**DATA TO USE**
● ● ● ● ● ● ●

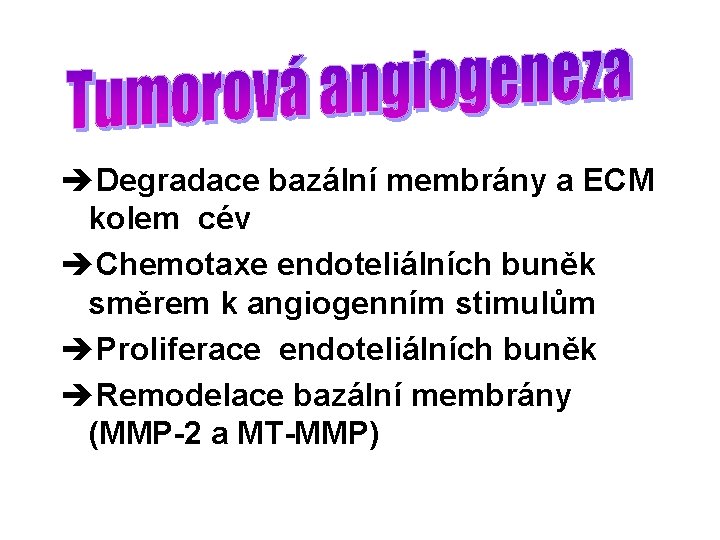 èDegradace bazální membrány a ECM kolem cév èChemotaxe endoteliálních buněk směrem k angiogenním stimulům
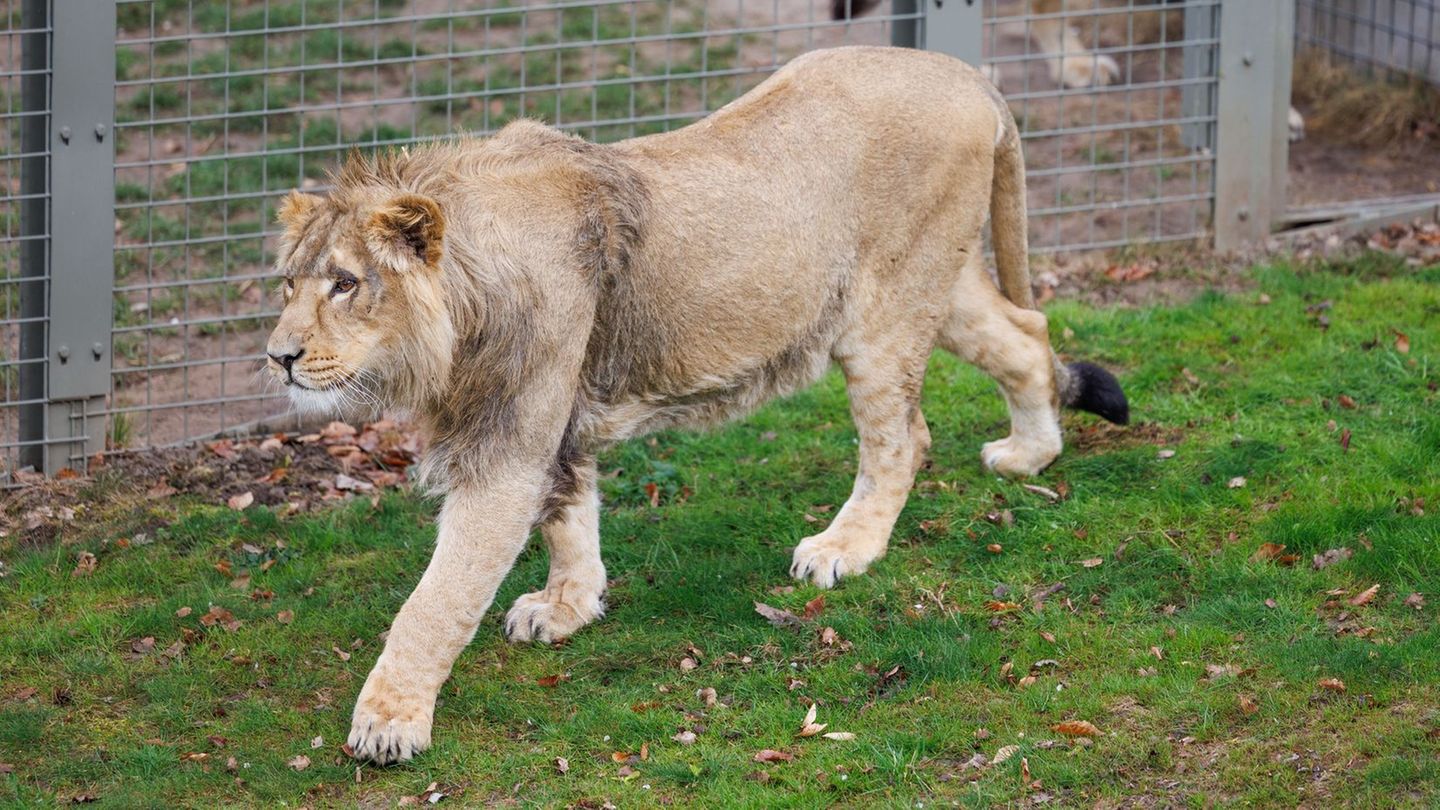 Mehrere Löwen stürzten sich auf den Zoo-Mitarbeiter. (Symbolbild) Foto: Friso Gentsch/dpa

● ● ● ● ● ● ●

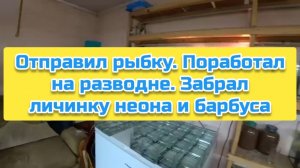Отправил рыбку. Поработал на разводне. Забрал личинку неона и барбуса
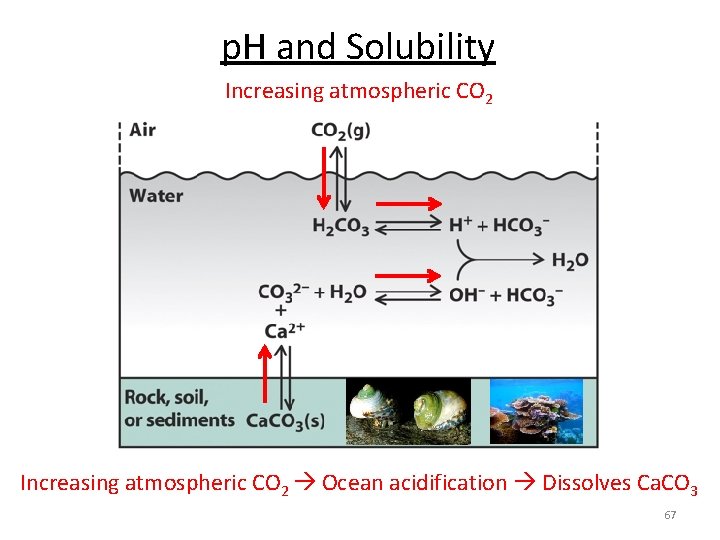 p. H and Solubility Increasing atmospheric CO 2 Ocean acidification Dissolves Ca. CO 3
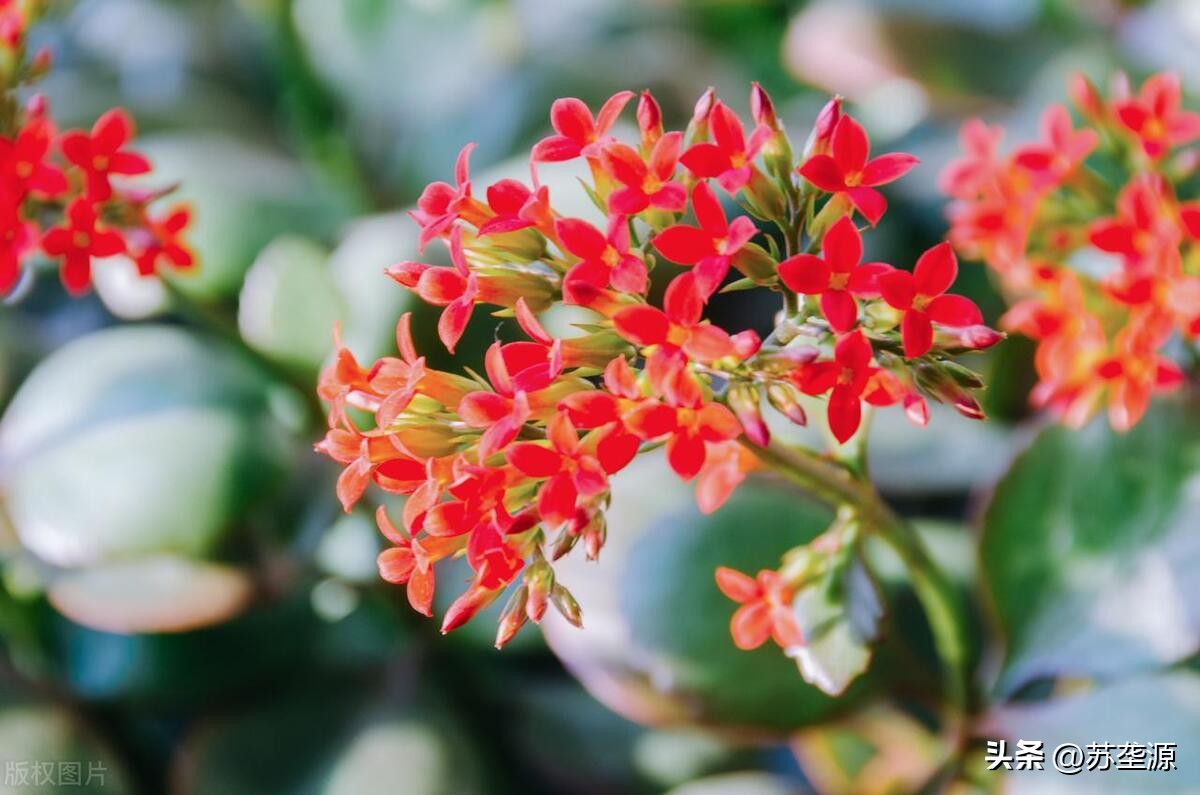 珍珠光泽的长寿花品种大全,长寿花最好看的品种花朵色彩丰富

● ● ● ● ● ● ●

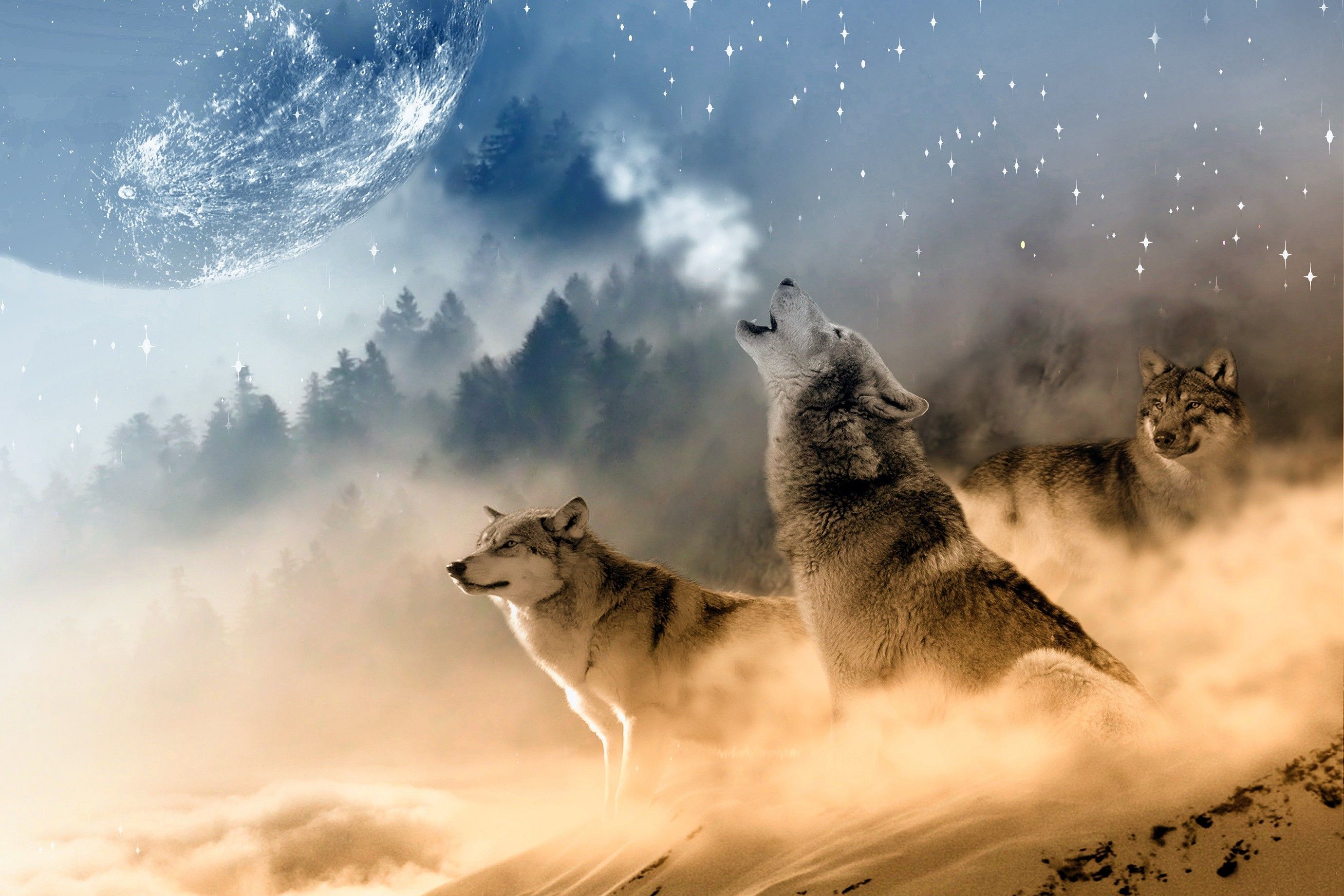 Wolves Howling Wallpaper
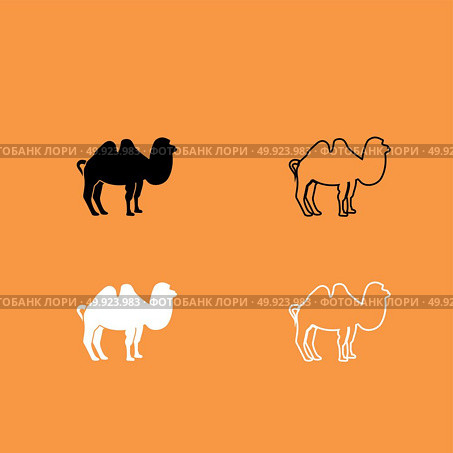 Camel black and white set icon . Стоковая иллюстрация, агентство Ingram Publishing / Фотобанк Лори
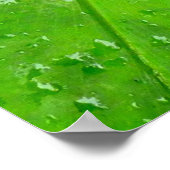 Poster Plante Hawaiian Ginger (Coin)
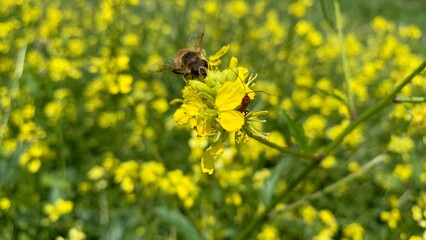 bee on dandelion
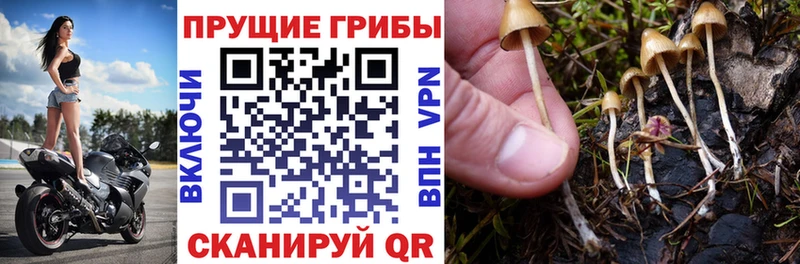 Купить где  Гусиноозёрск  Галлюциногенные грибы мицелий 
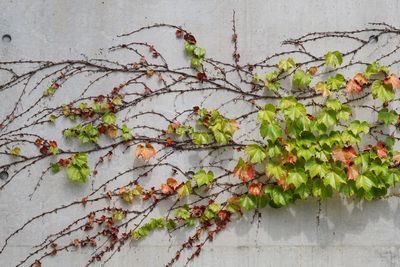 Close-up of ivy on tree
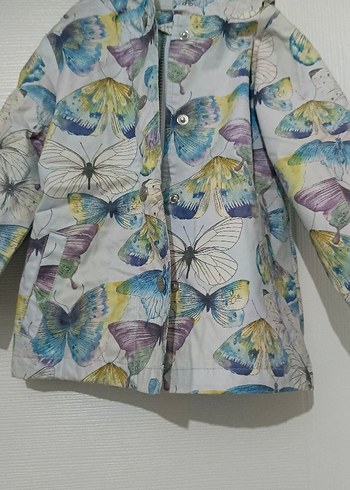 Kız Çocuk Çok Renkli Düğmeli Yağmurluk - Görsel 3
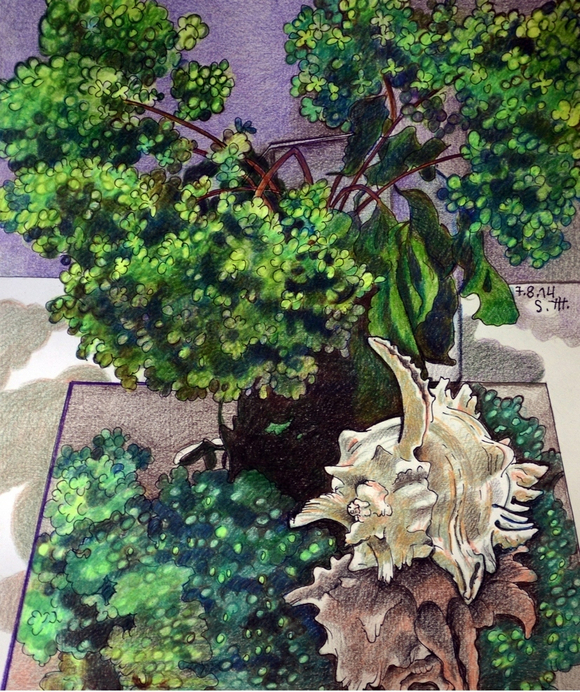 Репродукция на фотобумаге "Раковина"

● ● ● ● ● ● ●

**WORK REQUIRED**
Return exactly the part of the listing above that opens with the line containing "Отправил рыбку. Поработал" and closes with the line containing "珍珠光泽的长寿花品种大全,长寿花最好看的品种花朵色彩丰富". Pictures stay out.

**RESPONSE AREA**
Отправил рыбку. Поработал на разводне. Забрал личинку неона и барбуса
 p. H and Solubility Increasing atmospheric CO 2 Ocean acidification Dissolves Ca. CO 3
 珍珠光泽的长寿花品种大全,长寿花最好看的品种花朵色彩丰富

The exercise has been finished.